In `@crates/stdlib/src/_sqlite3.rs`:
- Around line 847-867: The call to __module_exec(vm, module) in module_exec
currently discards its Result; change the invocation to propagate errors (e.g.,
use __module_exec(vm, module)? or otherwise handle its PyResult) so that any
error returned by __module_exec is forwarded from module_exec; ensure
module_exec still returns PyResult<()> and that subsequent initialization
(ERROR_CODES loop, setup_module_exceptions,
CONVERTERS/ADAPTERS/USER_FUNCTION_EXCEPTION/ENABLE_TRACEBACK setup, and
module.set_attr calls) only runs after successful __module_exec.

In `@crates/vm/src/stdlib/ctypes.rs`:
- Around line 1281-1312: The call to __module_exec(vm, module) in module_exec
currently discards its PyResult return value; change the call to propagate
errors by using the ? operator (i.e., call __module_exec(vm, module)?;) so that
module_exec (which returns PyResult<()>) will return any error from
__module_exec instead of silently ignoring it.

In `@crates/vm/src/stdlib/typing.rs`:
- Around line 191-218: The call to __module_exec(vm, module) inside module_exec
currently discards its PyResult, so initialization errors are ignored; change
the call to propagate errors (e.g., use the ? operator) so that module_exec
returns early with the error when __module_exec fails—update the invocation in
the module_exec function to propagate the result rather than ignoring it.

In `@crates/wasm/src/vm_class.rs`:
- Around line 29-35: In module_exec, the result of __module_exec(vm, module) is
ignored so errors don't propagate; change the call to use the ? operator (i.e.,
__module_exec(vm, module)?;) so any PyErr returned by __module_exec is
propagated, then proceed to extend_module! and return Ok(()) from module_exec;
this ensures module initialization failures are handled consistently.
♻️ Duplicate comments (2)
crates/vm/src/stdlib/imp.rs (1)

143-149: Clean up sys.modules when exec slot fails.

This was flagged in a previous review: if def.slots.exec returns an error on line 148, the module inserted at line 144 remains in sys.modules, leaving a partially initialized module cached.

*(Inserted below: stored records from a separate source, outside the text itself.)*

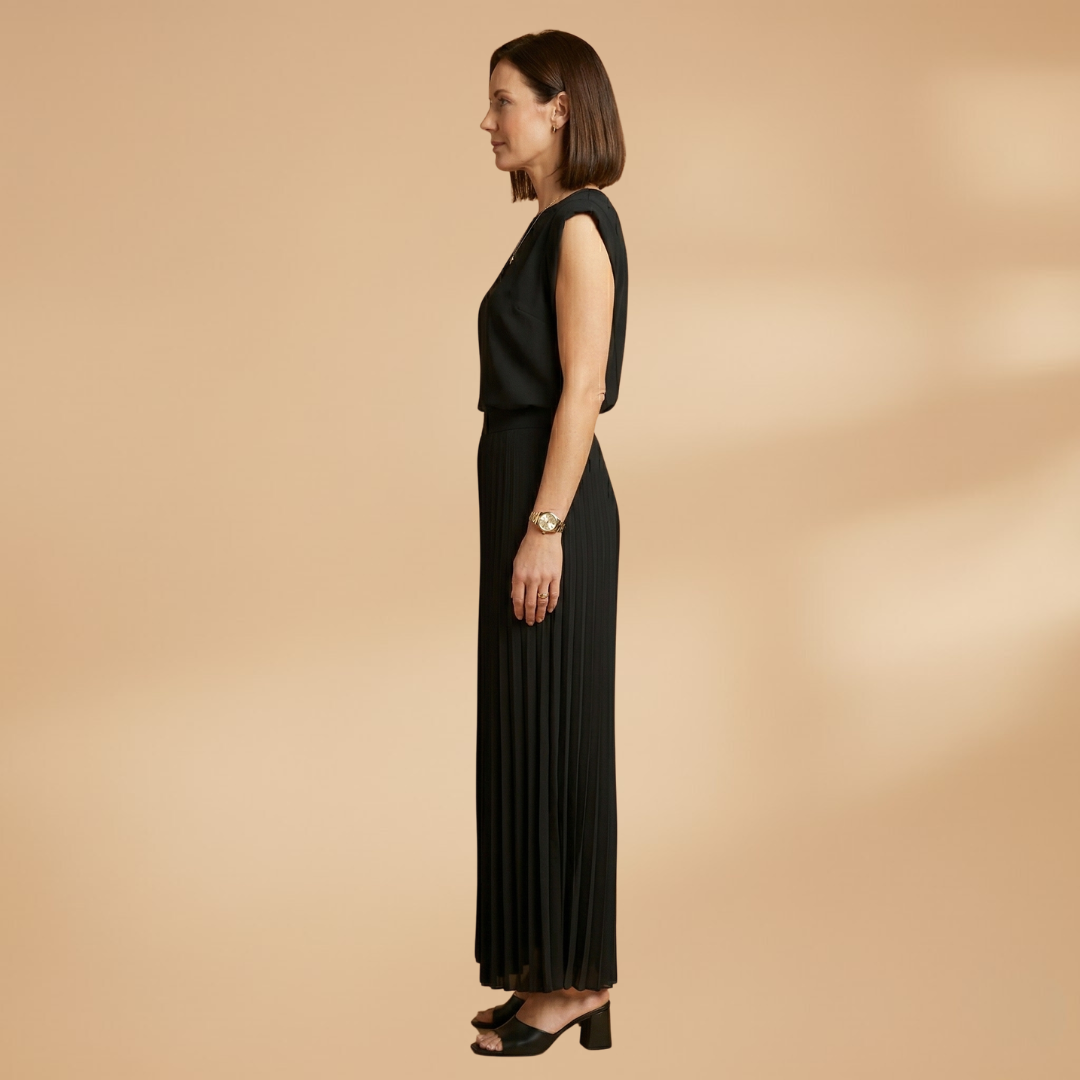 Two-Piece Set with Pleated Trousers and Flattering Fit for Women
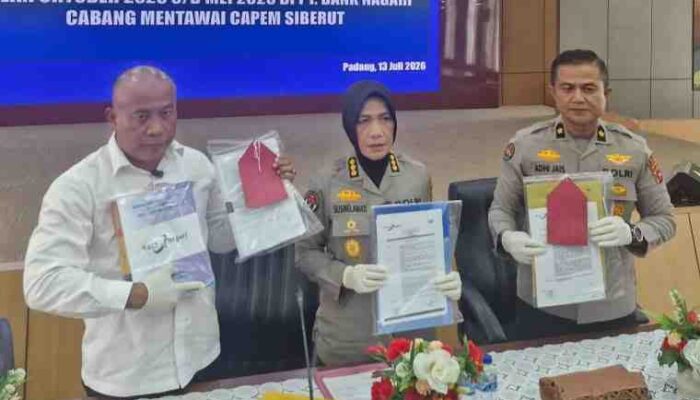 Polda Sumbar Bongkar Dugaan Korupsi Kredit Rp50,3 Miliar di Bank Nagari Capem Siberut, Tiga Tersangka Ditahan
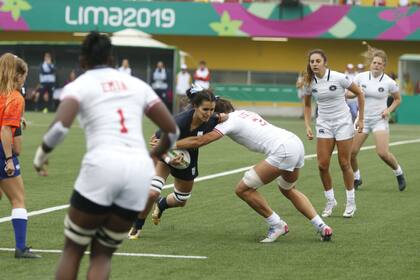 Josefina Padellaro frente a la selección de los Estados Unidos
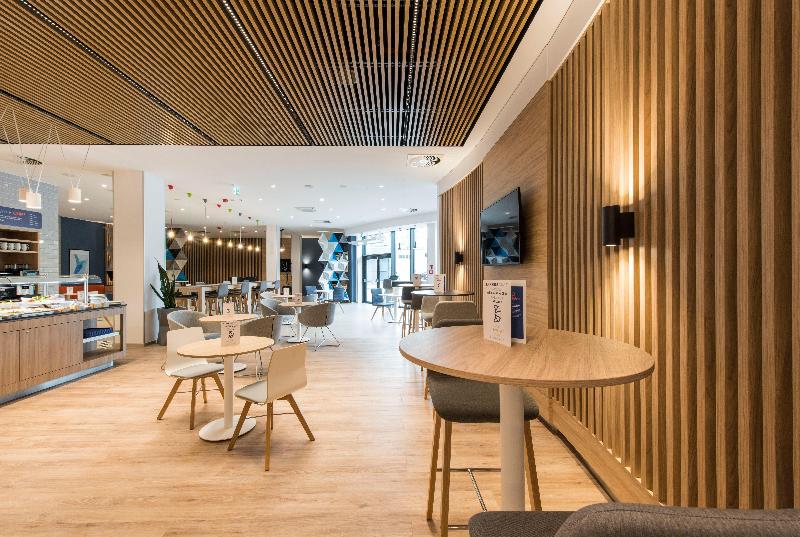 هتل Holiday Inn Express Warsaw   Mokotow, An Ihg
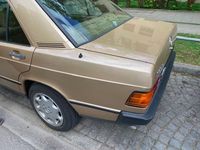 Gebraucht Mercedes 190 122 PS (89 kW) 1983 Gold Limousine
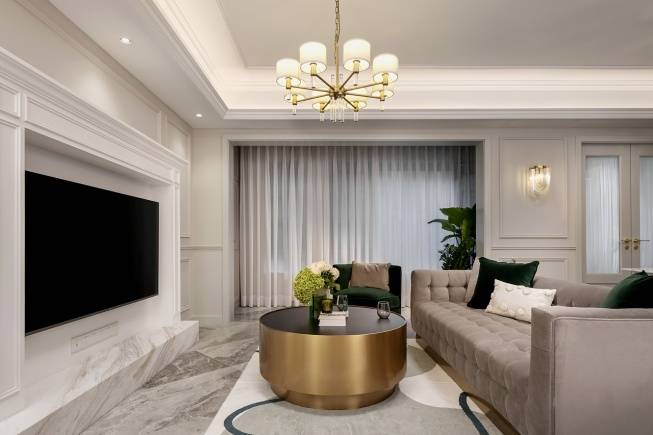 客厅大面积的石膏板墙面,让空间显得简洁大气,又充满线条感.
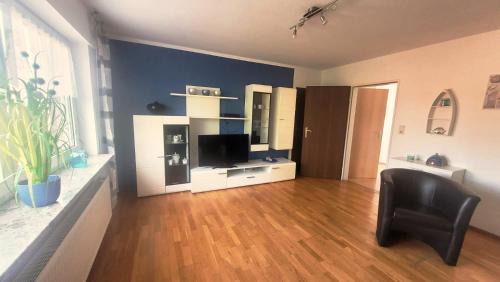 Hage Apartment | Ferienwohnung am See, Hage/Norddeich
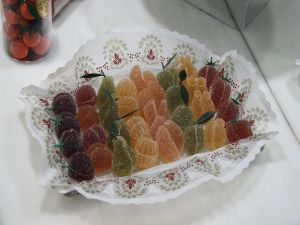 Tray with jellies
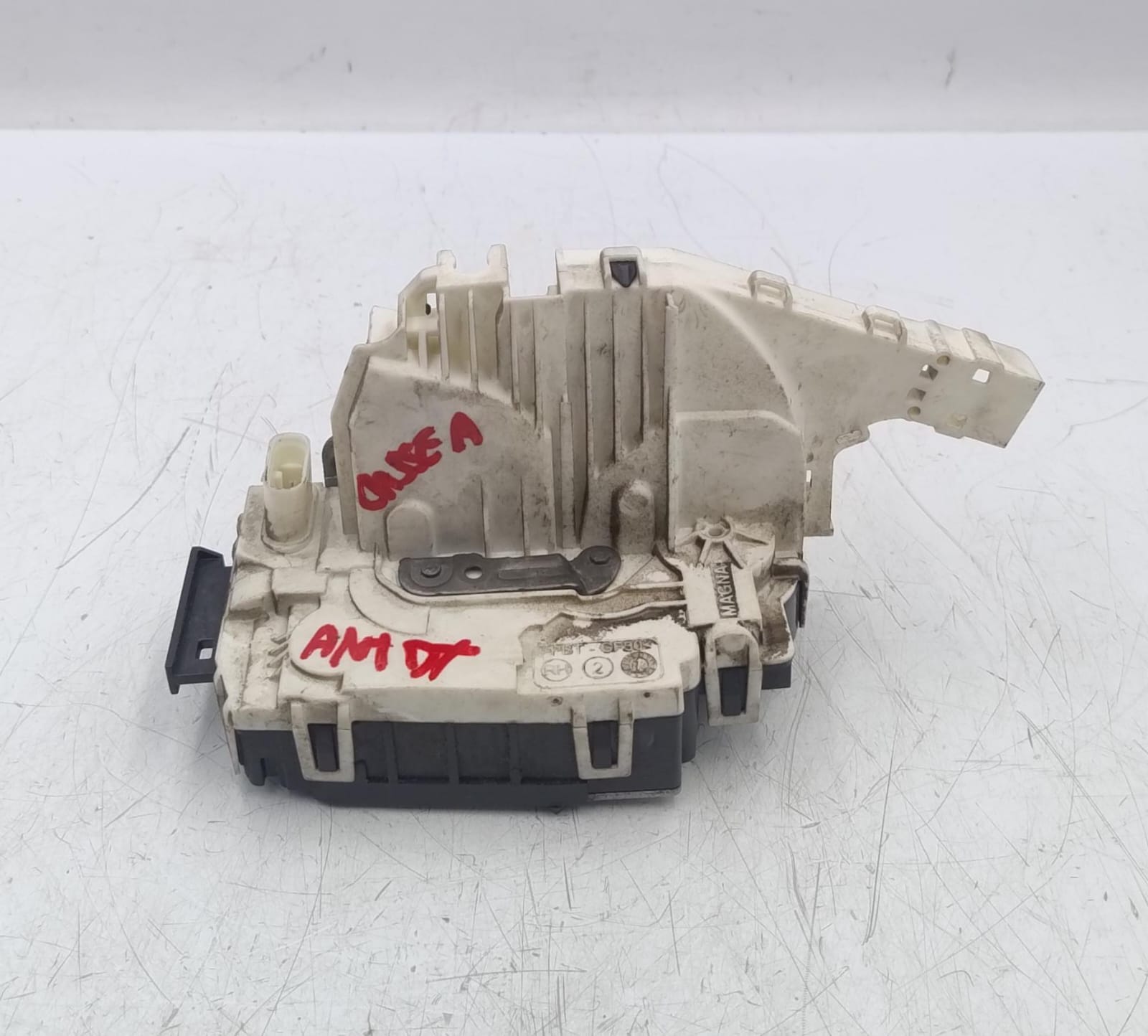 Serratura porta ant. dx.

This can cause issues with subsequent imports.

🔧 Suggested fix
             // Add to sys.modules BEFORE exec (critical for circular import handling)
             sys_modules.set_item(&*name, module.clone().into(), vm)?;

             // Phase 2: Call exec slot (can safely import other modules now)
             if let Some(exec) = def.slots.exec {
-                exec(vm, &module)?;
+                if let Err(err) = exec(vm, &module) {
+                    let _ = sys_modules.del_item(&*name, vm);
+                    return Err(err);
+                }
             }
crates/vm/src/stdlib/mod.rs (1)

96-102: Potential duplicate posix module registration on WASI targets.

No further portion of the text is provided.